AI-based forecasting of demand for fashion collections
Fashion is one of the most challenging markets to forecast demand for. Short SKU lifecycles (6-12 weeks), high dependence on trends and weather, and a lack of historical data on new SKUs all make traditional planning methods ineffective. Machine learning approaches reduce overstocks and stockouts by 20-35%.
Features of fashion forecasting
Cold Start Problem: New collection – no historical sales. Solutions:
- Attribute-based forecasting: forecasting based on characteristics (color, pattern, category, price segment)
- Transfer learning: similar to last season's article as anchor
- Analogous items: clustering new items to existing SKUs with history
Seasonality + Fashion Trend:
# Decomposition sales signal
# Sales = Seasonal × Category Trend × Fashion Trend × Price Effect × Random
# Fashion Trend: внешние сигналы (Instagram, Vogue, runway)
Short SKU Life: Classic time series require a long history.

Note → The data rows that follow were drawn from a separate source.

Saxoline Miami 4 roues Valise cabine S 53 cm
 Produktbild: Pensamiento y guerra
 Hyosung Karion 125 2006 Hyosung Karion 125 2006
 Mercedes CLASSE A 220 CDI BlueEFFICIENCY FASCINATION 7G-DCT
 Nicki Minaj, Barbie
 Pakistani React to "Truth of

Instead, we use cross-sectional models at the SKU level.
Data sources
Internal:
- POS data by week: sales, returns, discounts
- Inventory data: balances, out-of-stock dates
- Product characteristics: category, brand, color, material, size, price
External trend signals:
- Google Trends: Search query dynamics by category
- Instagram/Pinterest: Engagement with fashion content (via API or scraping)
- Runway analysis: detecting trends from fashion shows (CV in photos from ModaOperandi, Vogue Runway)
- Weather data: Temperature directly affects jacket/swimsuit sales
Social Listening:
trend_features = {
'google_trends_category_4w': trends_api_value,
'instagram_hashtag_growth': hashtag_weekly_growth_rate,
'search_volume_brand': keyword_planner_volume,
'temperature_deviation': weather_vs_seasonal_norm,
'competitor_stockout_signal': scraped_inventory_depletion
}
Forecasting models
Attribute-based LightGBM: For each new product, peak week sales and sell-through rates are predicted based on attributes and trend features. Training is based on historical collections.
Cluster + Analogous Item:
from sklearn.cluster import KMeans
# Кластеризация по attribute embedding
def find_analogous_items(new_item_features, historical_items, n_clusters=50):
kmeans = KMeans(n_clusters=n_clusters)
labels = kmeans.fit_predict(historical_items['features'])
new_cluster = kmeans.predict([new_item_features])[0]
analogs = historical_items[labels == new_cluster]
return analogs.sort_values('similarity_score', ascending=False).head(5)
SKU Life Cycle - Sales Curve: Not all SKUs are created equal. Life cycle curve clustering:
- Type A: Fast start → smooth decline (bestseller)
- Type B: slow start → peak at 4 weeks (niche item)
- Type C: smooth sales, basic articles Forecast of curve shape → order distribution over time.
Pre-Season Planning vs. In-Season Adjustment
Pre-Season (6-9 months before the start):
- Initial order based on attribute forecast
- Buy quantities according to the size chart (size curve model)
- Open-to-buy budget by category
In-Season adjustment (weekly): After the first 2-3 weeks of actual sales - Bayesian update of the initial forecast:
def bayesian_forecast_update(prior_forecast, observed_sales, sell_through_weeks):
"""
Обновление прогноза по первым неделям
Sell-through rate в первые 2 недели = сильный предиктор финального результата
"""
early_st_rate = observed_sales / prior_forecast[:sell_through_weeks].sum()
scaling_factor = early_st_rate ** 0.7 # регрессия к среднему
return prior_forecast * scaling_factor
Reorder and Markdown triggers:
- If sell-through > 70% in week 4 → reorder (if possible according to production cycle)
- If sell-through < 30% in week 6 → markdown begins according to the Markdown calendar
Size distribution
Size Curve modeling: Historically: XS:S:M:L:XL = 5:20:35:25:15 for this category. ML adjusts for regions, channels, and price segments:
size_curve = lgbm.predict_proba(
category=category,
price_tier=price_tier,
channel=['online', 'store'],
region=region
)
# → оптимальное соотношение размеров в заказе
Last size problem: Stockout of one size = loss of entire sale. Optimization: small buffer of sizes with the least availability.
Evaluation Metrics
| Metric | Value |
|---|---|
| WAPE (Weighted APE) | < 30% для новых артикулов |
| Sell-through rate accuracy | ±10 pp |
| Stockout reduction | -25% vs. baseline |
| Overstock reduction | -20% vs. baseline |
| Markdown depth reduction | -3-5 pp |
Timeframe: Attribute-based forecasting + analogous item matching + in-season update — 6-8 weeks. A full system with size curve, social trend signals, and Markdown optimization — 3-4 months.